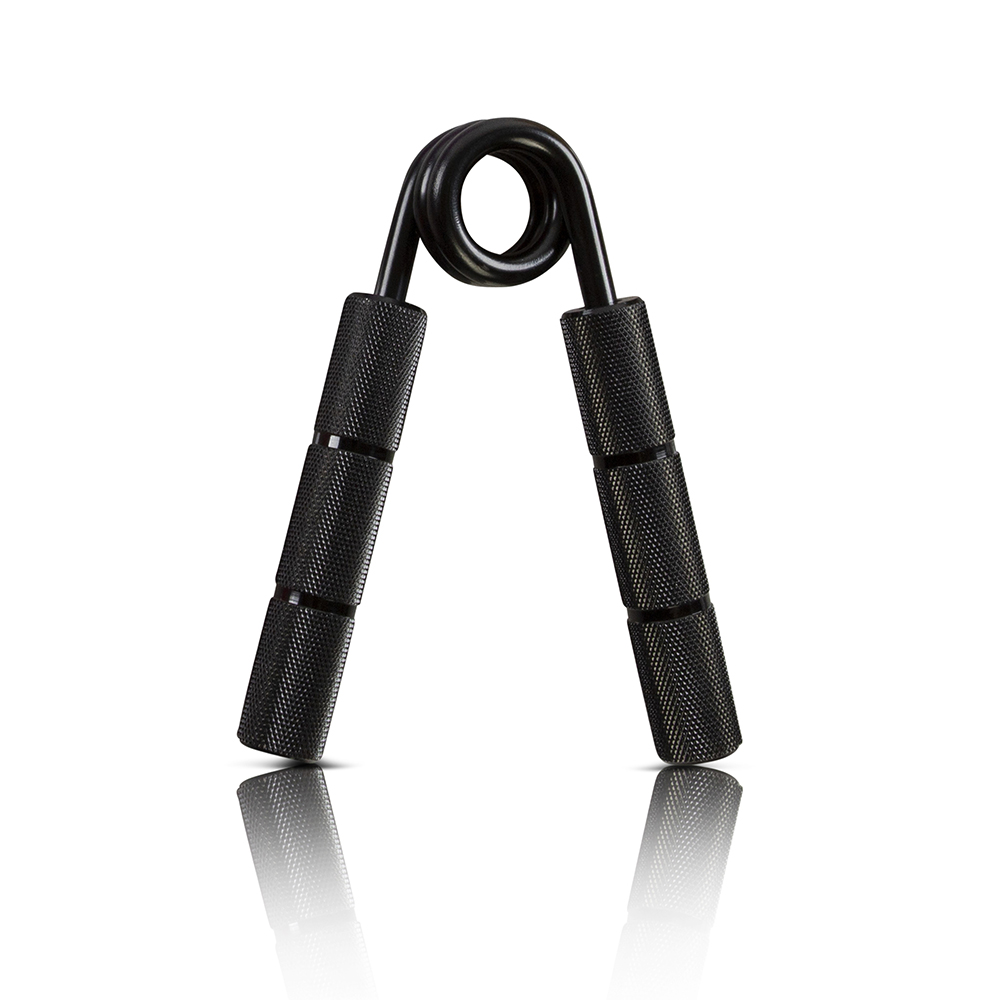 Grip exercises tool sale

--

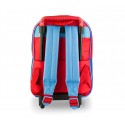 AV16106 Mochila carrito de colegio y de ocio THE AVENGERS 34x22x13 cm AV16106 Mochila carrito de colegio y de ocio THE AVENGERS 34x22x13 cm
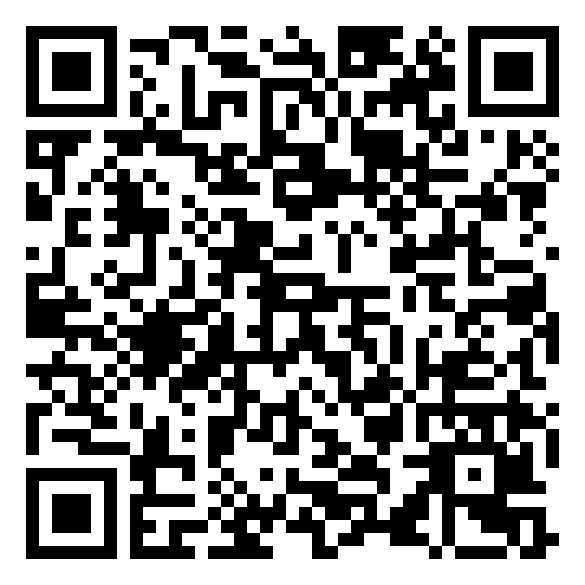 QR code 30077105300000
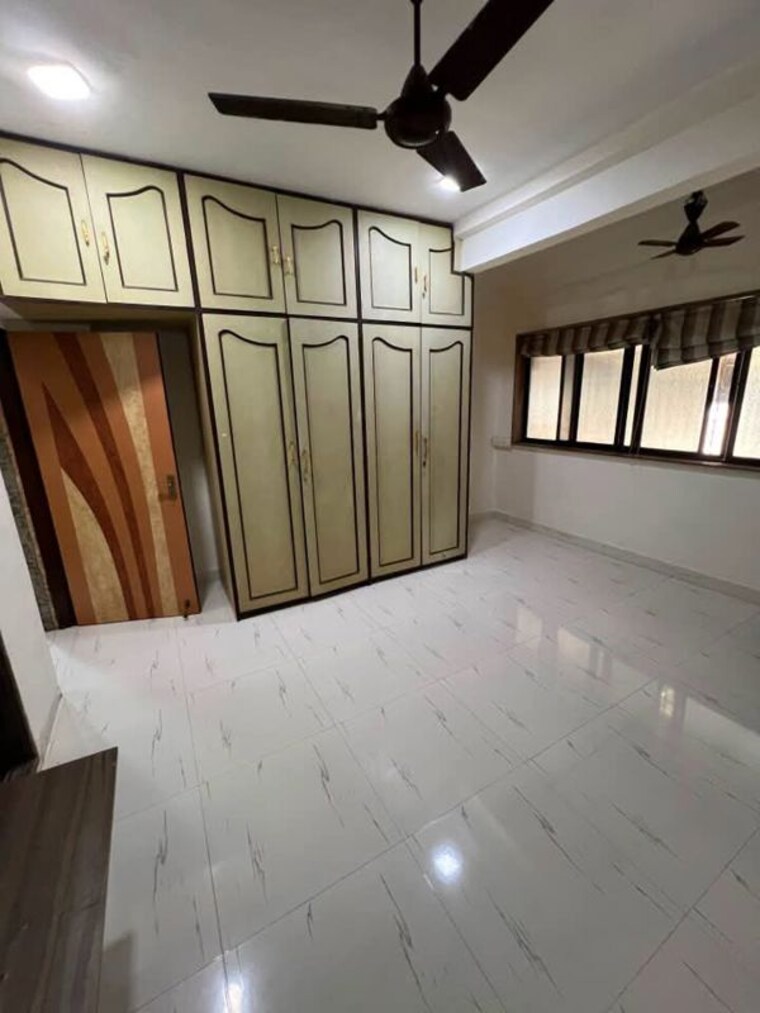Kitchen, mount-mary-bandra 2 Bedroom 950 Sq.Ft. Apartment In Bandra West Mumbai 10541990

---

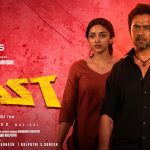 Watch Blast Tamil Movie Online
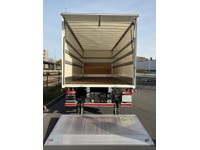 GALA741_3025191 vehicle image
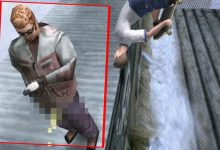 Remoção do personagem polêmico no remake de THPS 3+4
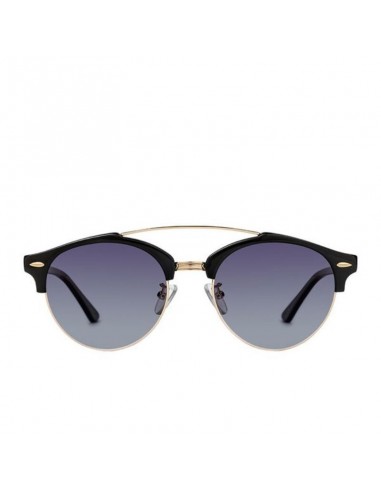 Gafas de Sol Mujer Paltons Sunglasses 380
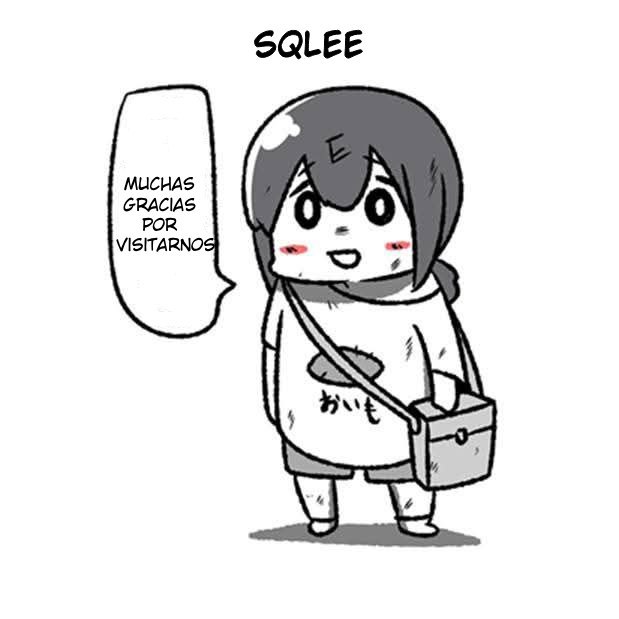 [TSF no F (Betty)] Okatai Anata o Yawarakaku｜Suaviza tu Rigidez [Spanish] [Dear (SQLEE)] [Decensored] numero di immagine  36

- **Directions**: I'd like the lines above repeated exactly, from the one that contains "GALA741_3025191 vehicle image" through the one that contains "[TSF no F (Betty)]", with no pictures.

- **Solution below**:
 GALA741_3025191 vehicle image
 Remoção do personagem polêmico no remake de THPS 3+4
 Gafas de Sol Mujer Paltons Sunglasses 380
 [TSF no F (Betty)] Okatai Anata o Yawarakaku｜Suaviza tu Rigidez [Spanish] [Dear (SQLEE)] [Decensored] numero di immagine  36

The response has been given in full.